Kameya v Chief of Namibian Defence Force and Others (APPEAL 66 of 2015) [2015] NAHCMD 92 (16 April 2015)


R

REPORTABLE

EPUBLIC OF NAMIBIA

HIGH COURT OF NAMIBIA MAIN DIVISION, WINDHOEK


JUDGMENT


Case no: A 66/2015


In the matter between:


JOHANNES KAMBINDA KAMEYA APPLICANT


And


THE CHIEF OF THE NAMIBIAN DEFENCE FORCE FIRST RESPONDENT

THE CHIEF OF STAFF: HUMAN RESOURCES SECOND RESPONDENT

THE MINISTER OF DEFENCE THIRD RESPONDENT

THE PRESIDENT OF THE REPUBLIC OF NAMIBIA FOURTH RESPONDENT


Neutral citation: Kameya v The Chief of the Namibian Defence Force (A 66-2015) [2015] NAHCMD 92 (16 April 2015)


Coram: PARKER AJ

Heard: 30 March 2015

Delivered: 16 April 2015


Flynote: Administrative law – Review – Application to review act of administrative official – Such application must be brought in terms of rule 76 of the rules – Court held that failure to comply with rule 76 is fatal – Effect of such failure is that there is no application to review properly before the court – Court held that it would therefore be wrong and illogical for the court to grant interim interdict pending finalization of a review application where such application did not exist – Consequently, the court struck the application from the roll with costs.


Summary: Administrative law – Review – Application to review act of administrative official – Such application must be brought in terms of rule 76 of the rules – Failure to comply with rule 76 is fatal – In the same notice of motion applicant brought application for interim interdict and application to review – Applicant prayed the court to determine both applications on the basis of urgency – Court refused to grant the application for both interim relief and to review – Court reasoned that it would be wrong and illogical to grant the interim relief pending the finalization of the review application when such application did not exist – Consequently, court struck the application from the roll with costs.



ORDER



The application is struck from the roll with costs.



JUDGMENT



PARKER AJ:


[1] The applicant launched an application by notice of motion, and seeks the relief set out in the notice of motion. The application is for interim interdict and to review the decision of an administrative official. The applicant prays the court to hear the matter on the basis of urgency. The respondents moved to reject the application; and in that behalf, they raised preliminary points. Those points which relate to the interpretation and application of rule 65, in contradistinction to rule 76, are not points in limine per se; but they are relevant in determining the point in limine on the issue of whether the court should grant the indulgence sought by the applicant that the application be heard as a matter of urgency.


[2] The applicant seeks review of ‘the decision of the first respondent, made on 18 March 2015 to transfer the applicant from Windhoek to Grootfontein’ (para 4 of the notice of motion). In the same notice of motion (para 5), the applicant seeks interim interdict to restrain the first respondent from implementing the 18 March 2015 decision pending the review of that decision.
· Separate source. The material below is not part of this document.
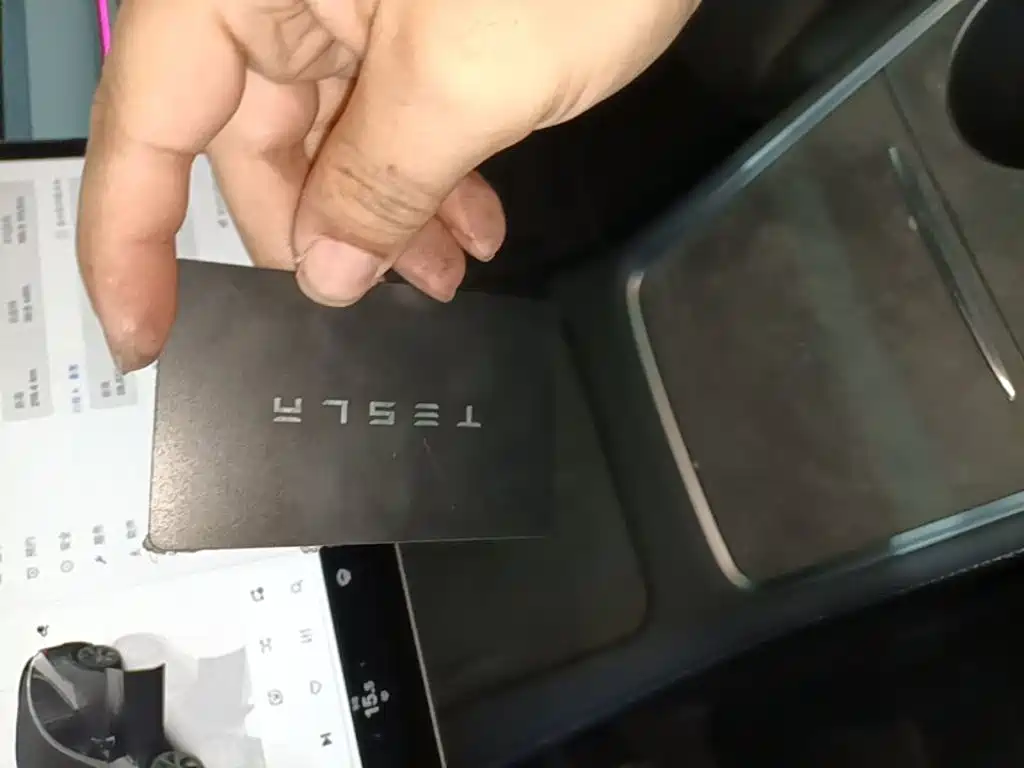 Tesla Model Y — миниатюра 9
Thus, in the same application the applicant has launched a review application contemplated in rule 76 of the rules and an application for interim relief contemplated in rule 65 of the rules.


[3] Confusion is created, with respect, in the inelegant way in which the notice of motion has been framed. It seem to me unclear as to which of the relief sought – review of the decision of the first respondent (under rule 76 of the rules) or interim interdict (under rule 65) – is the court called upon to determine on urgent basis? In this regard, I should say, the practice of the court, which is well entrenched, is that such applicant would launch a review application (the main application for final relief) under rule 76 and also launch an application for interim relief under rule 65, read with rule 73 (urgent application) pending the finalization of the main application wherein the applicant prays the court to hear the interim relief on the basis of urgency (rule 73) and asks the court to order the status quo to remain undisturbed until the finalization of the review application (the main application).


[4] Such approach or practice is not only elegant but it is also sensible; not least because if the interim relief is granted, the decision sought to be attacked in the main application is put on hold, unimplemented, until the finalization of the main application. In that event, the applicant does not lose out even if the main application is heard in the ordinary course. For the avoidance of misunderstanding the proposition I have put forth, I hasten to add that it may not be improper for an applicant to move the interim relief application and a review application in the same notice of motion, so long as rule 76 is complied with and the two applications are delineated clearly for all to see. Some practitioners have applied for interim relief and review (or other final relief) in the same notice of motion wherein they have clearly delineated the two different applications by embossing the letter ‘A’ on the interim relief application, and the letter ‘B’ on the main application for final relief. And they have prayed the court to hear the interim relief application on the basis of urgency, pending the finalization of the main application for final relief. As I have said previously, if that is done, and the interim relief application is successful, the applicant does not lose out, even if the main application is heard in the ordinary course.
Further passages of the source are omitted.